Sunday, April 11, 2010

Music Festival 2010


Our region's Festival of the Arts took place this week. My kids played 22 selections total. A lot of music! Some were unaccompanied string solos, many were string solos with piano accompaniment (necessitating rehearsals with a lovely accompanist friend who came from her neck of the woods for the week), some were piano selections and some were chamber group music.

The atmosphere at the festival was fantastic. Over the past few years a new group of volunteers has taken the festival and moved it forward into a new, non-competitive style of vitality, collegiality and inspiring supportiveness. The adjudicators were fabulous. Both the strings and the piano guys were known to us through summer workshops so we even knew ahead of time that they were going to be fabulous, which really allowed everyone to feel confidently optimistic about the experience during the preparation and rehearsal phase.
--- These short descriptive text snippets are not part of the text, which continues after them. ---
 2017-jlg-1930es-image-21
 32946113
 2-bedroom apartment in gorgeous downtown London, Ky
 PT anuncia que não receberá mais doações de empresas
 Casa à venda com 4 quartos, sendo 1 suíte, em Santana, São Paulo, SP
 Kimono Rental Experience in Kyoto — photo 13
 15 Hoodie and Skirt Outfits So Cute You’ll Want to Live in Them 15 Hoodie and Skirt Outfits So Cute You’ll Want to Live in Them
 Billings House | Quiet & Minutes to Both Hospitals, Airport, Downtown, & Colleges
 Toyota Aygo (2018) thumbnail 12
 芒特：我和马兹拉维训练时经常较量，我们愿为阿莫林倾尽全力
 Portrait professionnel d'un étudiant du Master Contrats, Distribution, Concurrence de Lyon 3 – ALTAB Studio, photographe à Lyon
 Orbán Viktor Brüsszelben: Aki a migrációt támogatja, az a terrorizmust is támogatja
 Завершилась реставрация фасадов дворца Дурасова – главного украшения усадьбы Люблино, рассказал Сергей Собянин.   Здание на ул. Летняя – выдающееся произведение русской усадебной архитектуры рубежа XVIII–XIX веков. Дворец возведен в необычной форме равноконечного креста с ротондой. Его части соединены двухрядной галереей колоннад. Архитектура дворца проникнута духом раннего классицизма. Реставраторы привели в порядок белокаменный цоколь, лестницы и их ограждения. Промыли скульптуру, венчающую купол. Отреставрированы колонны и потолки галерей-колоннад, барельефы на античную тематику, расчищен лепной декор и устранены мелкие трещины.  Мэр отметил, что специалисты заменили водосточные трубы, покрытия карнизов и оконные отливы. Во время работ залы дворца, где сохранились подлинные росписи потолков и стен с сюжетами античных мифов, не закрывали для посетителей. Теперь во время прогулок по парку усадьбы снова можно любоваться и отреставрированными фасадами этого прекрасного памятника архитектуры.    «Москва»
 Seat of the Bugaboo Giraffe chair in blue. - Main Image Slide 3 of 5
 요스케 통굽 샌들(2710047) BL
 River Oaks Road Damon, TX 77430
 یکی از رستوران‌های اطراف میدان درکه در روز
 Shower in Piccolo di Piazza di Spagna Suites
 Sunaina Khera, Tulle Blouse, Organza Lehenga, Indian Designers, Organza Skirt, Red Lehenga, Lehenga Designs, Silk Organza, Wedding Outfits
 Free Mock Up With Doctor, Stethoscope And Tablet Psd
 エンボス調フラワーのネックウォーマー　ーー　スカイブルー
The last time the festival took place, two years ago, it wasn't as excellent an experience for a combination of personnel-related reasons, but the mutually supportive atmosphere amongst the students and their families had really begun to take shape. And one of the results of sitting all day in the pews of a church whispering and sharing jokes and good feelings with other performers during the time the adjudicator was writing up her comments was that the students from our little town decided that they wanted to continue to do regular chamber music playing together. Summit Strings, formed in order to do one simple performance at that 2008 festival (see link above), became an ongoing affair and a continued commitment.

Over the past two years Summit Strings has grown in musical ability, maturity and sound, and they've also grown together as friends. It has been my privilege to be their coach and facilitator during this time. They are a small group of violinists (even smaller since two of them moved to Calgary this year), with Noah playing what would normally be the cello line on viola. They've played a wide variety of repertoire at a wide variety of venues, from local outdoor festivals to Suzuki institute concerts to community performances and dance workshops.

And so it seemed especially fitting that it was at the same music festival where the seed of Summit Strings had first been planted where they were asked, two years later, to take to the big stage and open the Honours Concert. They played their "party piece," a sweet little Tango by Michael McLean, with the bass line of the piano part played by Noah on the viola. This video is from the morning performance at the festival class. The Honours Concert performance was tighter and more exciting (partly because, at the adjudicator's suggestion we put Noah in the middle, an approach which worked really well) but the sound and video quality aren't nearly as good in the full, dark Capitol Theatre.